Sonoma County has plenty of big office buildings, built to suit the high-tech companies that once filled them.
But given today's economic climate, in which 85 percent of the county's businesses have 15 or fewer employees, finding tenants for them has become increasingly difficult.
Nearly a quarter of the county's office space is now vacant, a condition Moody's Economy.com recently described as "an enormous glut." And leasing experts predict that demand will remain sluggish for the next few years.
"It's bouncing along the bottom, which is really what you're saying about the economy overall," says Al Coppin, president of Keegan & Coppin, the North Bay's largest commercial real estate company.
His firm's vacancy rate estimates vary by location, from about 16 percent in Santa Rosa, Windsor and Healdsburg, to 40 percent in Rohnert Park and Petaluma.
Coppin said the market won't change much until businesses start hiring more workers and then seek new space to house them.
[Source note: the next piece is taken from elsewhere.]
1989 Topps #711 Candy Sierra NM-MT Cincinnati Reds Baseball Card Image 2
Even then, much of the space now vacant will be too big to attract the new tenants.
"You have a building that doesn't work any more for the market," said Matt White, president and CEO of Reno's Basin Street Properties, a commercial real estate owner and developer in Sonoma County.
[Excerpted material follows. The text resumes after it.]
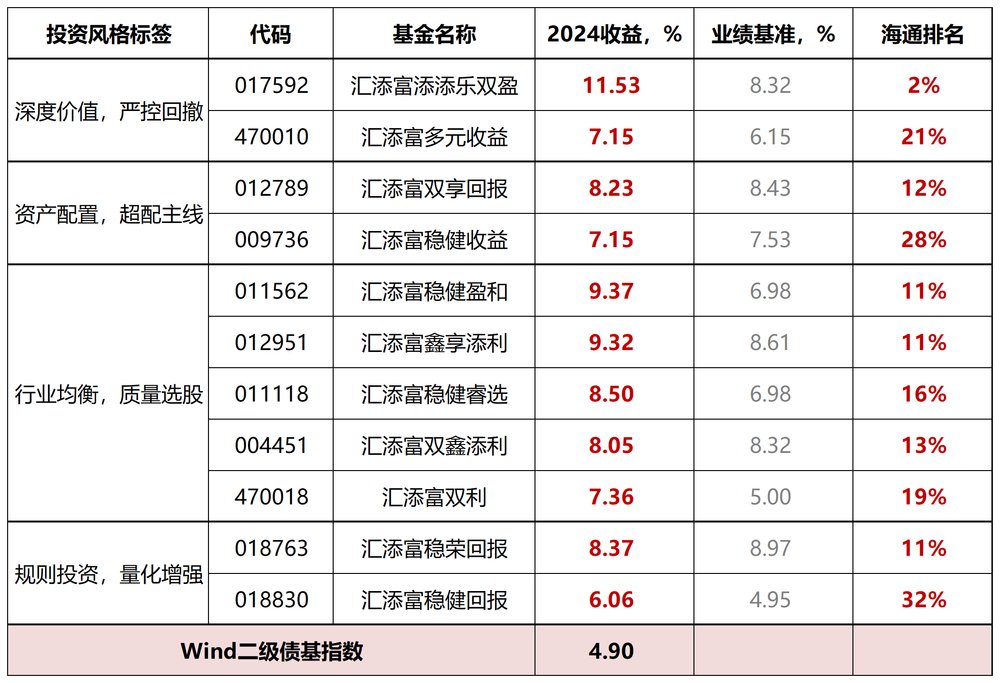 8%仙过海 各显神通，这个团队凭什么在低息环境下集体逆势突围？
The county's office vacancy rate ended the first quarter at 24 percent, according to Keegan & Coppin. The rate has risen almost every quarter since at least the summer of 2007, when it stood at nearly 17 percent.
Forty percent of Petaluma's 3.2 million-square-foot supply -- 1.2 million square feet -- were vacant at the end of March.
By comparison, Sonoma County has 13.8 million square feet of office space, 3.4 million square feet of it vacant.
Petaluma's inventory includes huge buildings built in the city's Telecom Valley days when tech companies filled business parks with hundreds of office workers and research and development staffers.
For such space today, "we've got a lot of supply and very little demand," said Josh Lindberg, an associate with Cushman & Wakefield, a commercial real estate brokerage in San Rafael.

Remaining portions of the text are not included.